蔵王の3つある公共の共同湯の中では、比較的源泉に近く鮮度がよいのが「上湯」になるのですが、実際に入って比べてみるとわかるのですが、湯の質が「かわらゆ」とは明らかに異なります。さっぱりフレッシュなのです。もちろん見た目の透明度も全然違います。これが、源泉から距離がある「下湯」や、「新左衛門の湯」、各種旅館の温泉と比べると、その差は歴然です。同じ泉質分類の温泉とは思えない違いです。
もともと足元湧出の温泉自体が非常にレアなのですが、酸性硫黄泉で足元湧出となると更にレア度が上がります。がっつり酸性硫黄のお湯になると、青森県の酸ヶ湯温泉にある「熱乃湯」や、栃木県の奥塩原温泉の「むじなの湯」が思いつきますが、本当にレアです。このお湯を求めてわざわざ蔵王温泉まで行く価値があります。そのくらい希少度が高い。
「かわらや」と「河原湯」。紛らわしいけど何が違うの?
ところで「かわらや」に入ろうと思うと、すぐ下に共同湯の「川原湯」があることに気がつくと思います。こちらは、蔵王温泉の旅館に宿泊していれば無料で入ることができる公共施設になります。宿泊していない人でも200円で入ることができます。
川原湯共同浴場の入り口はこんな感じ
さて、この川原湯共同湯ですが、すぐとなりということでほぼ同じ源泉を利用しているのですが「かわらゆ」と何が違うのでしょうか。こちらも足元から湧いてきた源泉を利用しています。浴槽にはすのこもあって、「かわらや」とそっくりです。写真を御覧ください。

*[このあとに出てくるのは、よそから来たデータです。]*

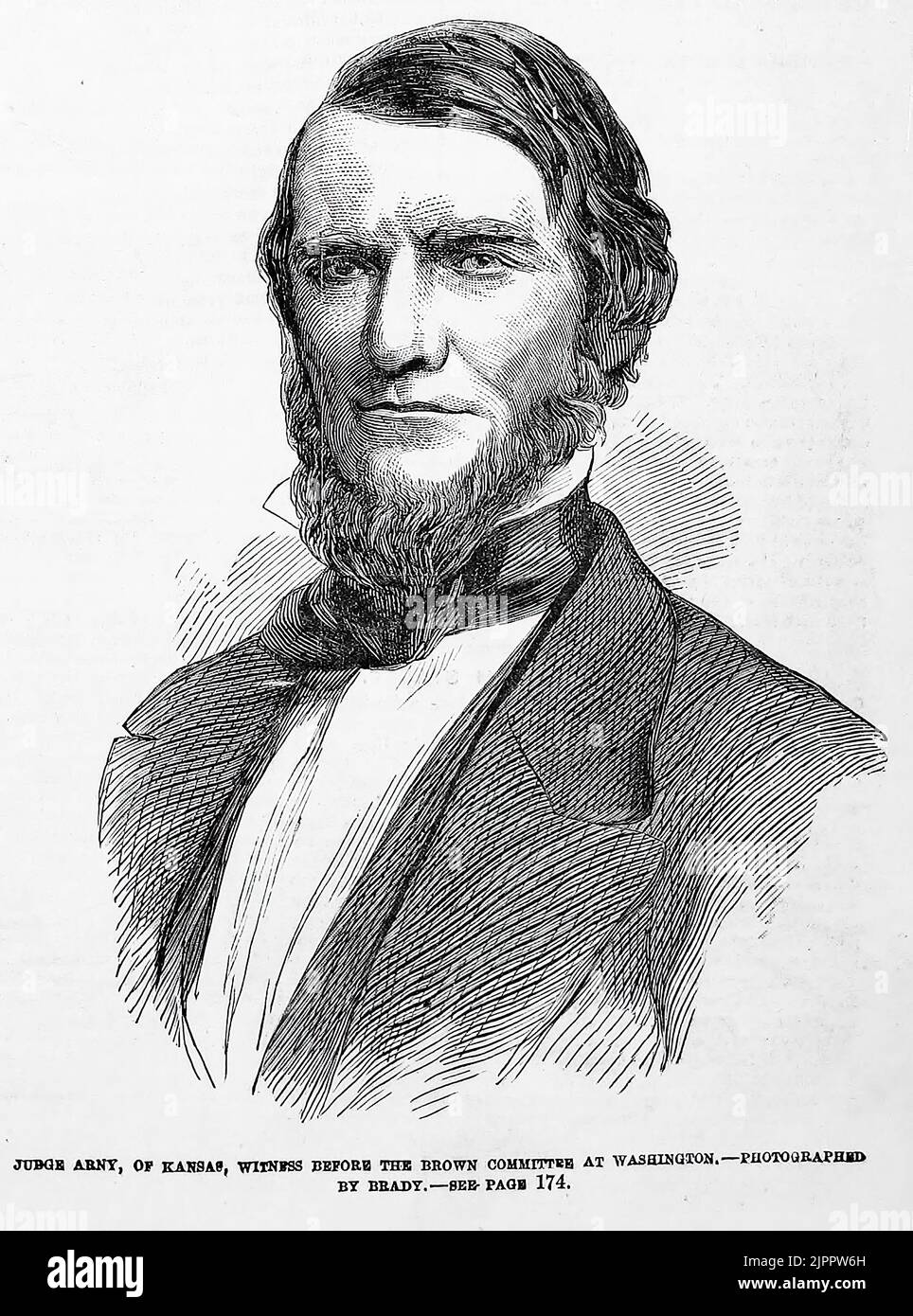 Ritratto del giudice William Frederick Milton Arny, del Kansas, testimone davanti al Comitato marrone a Washington (1860). Illustrazione del 19th° secolo dal quotidiano illustrato di Frank Leslie Foto Stock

これ、相当なマニアじゃないと、どちらが「かわらや」でどちらが「河原湯」か見分けがつかないですよねw
どちらも「すのこ」のある温泉でそっくりです。
川原湯は、井戸水で上から加水している
川原湯共同浴場ですが、写真を見ると分かる通り、井戸水で上から水を注いで加水しています。源泉が湧いてくると熱すぎるんですよね…。あれ?ということは「かわらや」は加水なしの100%源泉かけ流し?それなら、かわらやの圧勝!
ちょっと、待ってください、同じように熱いお湯が湧いてきているはずなので、それだと「かわらや」の浴槽は激熱になってしまいます。そうです、わかりにくいだけでおそらく「かわらや」も加水されております…。たぶん、浴槽の下から加水しています。

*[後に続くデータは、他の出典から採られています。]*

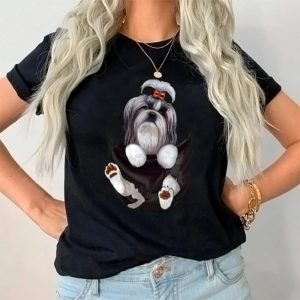 Tricou Dama Negru "Shih tzu" Engros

100%源泉かけ流し派にしてみると残念ですが、私たちが普通に入浴できる温度の湯にするためには仕方がないですね。「川原湯」の井戸水の投入量を見ると分かりますがそこまで多量ではないので、全然源泉の質は確保できているレベルです。「かわらや」も同様でしょう。
川原湯は、足元湧出線ではない?
はい、川原湯の写真をよく見てください。
すのこが足元だけではなく、なんと横にもあります。ということは、足元だけではなく、横からも湧出しています。厳密に足元湧出線ではない…?側面湧出?
それだけ?別によくない?
はい。別にいいですね…。ということで、オチを行ってしまうと、「かわらや」でも「川原湯」でも、ほぼ同じクオリティの温泉が楽しめてしまいます。
一応フォローしておくと、「かわらや」の方が加水が浴槽の外から見えず、足元から湧いてくるお湯の感じと、湯船全体にお湯がオーバーフローしていく感じが味わい深いですね。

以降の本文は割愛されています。